In the above citation, Choi posits that Fristianity is possible by definition, but that’s the very thing presuppositionalists contest!

Consider the following:

1.  If Christianity is true, then it is exclusive (all non-Christian worldviews are false and fail to account for the preconditions of intelligibility).

2.  Christianity is false.

3.  From 2, then Christianity may not be exclusive.

Conclusion:  The Fristian worldview might account for the preconditions of intelligibility.

———————————

As we can see, the conclusion only follows if premise 2 is true.

Fristian arguments must include a negation premise to operate, and this is something no Christian would be willing to grant, unless doing so hypothetically.  But there’s no reason to do so in this situation. Once this is realized, the Fristian must shift his efforts and try to demonstrate that Christianity, even if true, is not exclusive. He must attack premise 1.

Suppose he looks to Scripture and is able to demonstrate (exegetically) that Christianity is not exclusive?  Well, if he can demonstrate that, then the “Fristian” illustration becomes superfluous.  Consider the following:

1.  If Christianity is true, then it is *not* exclusive.

2.  Since Christianity is not exclusive, then some other worldview might provide the preconditions of intelligible experience.

3.  Fristianity is another worldview.

Conclusion:  Fristianity might provide the preconditions of intelligible experience.

If 1 is proven, then hypothetically-possible non-Christian worldviews need no longer be posited as it’s been proven (in principle) that they’re possible.
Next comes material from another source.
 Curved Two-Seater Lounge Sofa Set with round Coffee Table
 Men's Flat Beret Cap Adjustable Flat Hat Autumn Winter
There’d no longer be any need for positing “Fristianity” as a defeater for presuppositionalism. The entire illustration would be superfluous.

Anyway, it’s highly doubtful the “Fristian” advocates will be able to build a strong exegetical case that Christianity is not exclusive.  While it’s beyond the scope of this article to prove (from the text) that Christianity *is* exclusive, a few well-known verses should suffice:

Isaiah 44 – “I am the first and I am the last.  Apart from me, there is no God!”

John 14 – “I am the way the truth and the life.  No one comes to the Father except through me.”

Acts 4 – “…there is none other name under Heaven given among men whereby we must be saved.”

Galatians 1 – “…if any man preach any other Gospel unto you than that ye have received, let him be accursed.”

There are other relevant passages as well.  It seems the Fristian would have to perform exegetical gymnastics to overcome the traditional understanding that Christianity is exclusively true. On top of direct exegetical arguments, Van Til, building on the doctrine of God’s Aseity, offers a theological argument for the exclusivity of Christianity.

If the traditional understanding of the relevant Scriptural passages holds, and if Van Til’s theological argument for exclusivity holds, then it seems the presuppositionalist is rationally justified in rejecting Fristianity, even if we’re not immediately able to suggest how it fails. This is, after all, the situation we usually find ourselves in as presuppositional apologists. We may not be Islamic scholars, for example, but we know that if Christianity is true, Islam will fail to provide the preconditions of intelligible experience somehow or other. Fristianity is no better off.

Some Reformed apologists who describe themselves as followers of Gordon Clark, suggest a new formula for knowledge (I’m thinking of Jason Peterson, a self-identifying “Clarkian”). The traditional formula for knowledge is the following:

Knowledge = Justified, true, belief.

I’ve seen Peterson suggest (in numerous places although I can’t recall any specifics), that this formula ought to be re-worked so that, instead, we have:

Knowledge = true, belief.

In this post, I’m not concerned with Jason Peterson specifically, nor am I concerned with getting into what counts as true expressions of “Clarkian” philosophy. Instead, I’d like to look at the above formula, as posed, and note that if we accept it, we’ll be obligating ourselves to a weird anti-realist metaphysic that almost no Christian – certainly not Reformed orthodox – ought to hold.

We’ll take the following belief as a test case:

“There is a book on my coffee table.”

Many who claim to be Clarkians do not want to grant that the above sort of belief also counts as knowledge. Since if it is known, it is known empirically, and since most Clarkians believe knowledge cannot be obtained empirically, the belief must not be knowledge.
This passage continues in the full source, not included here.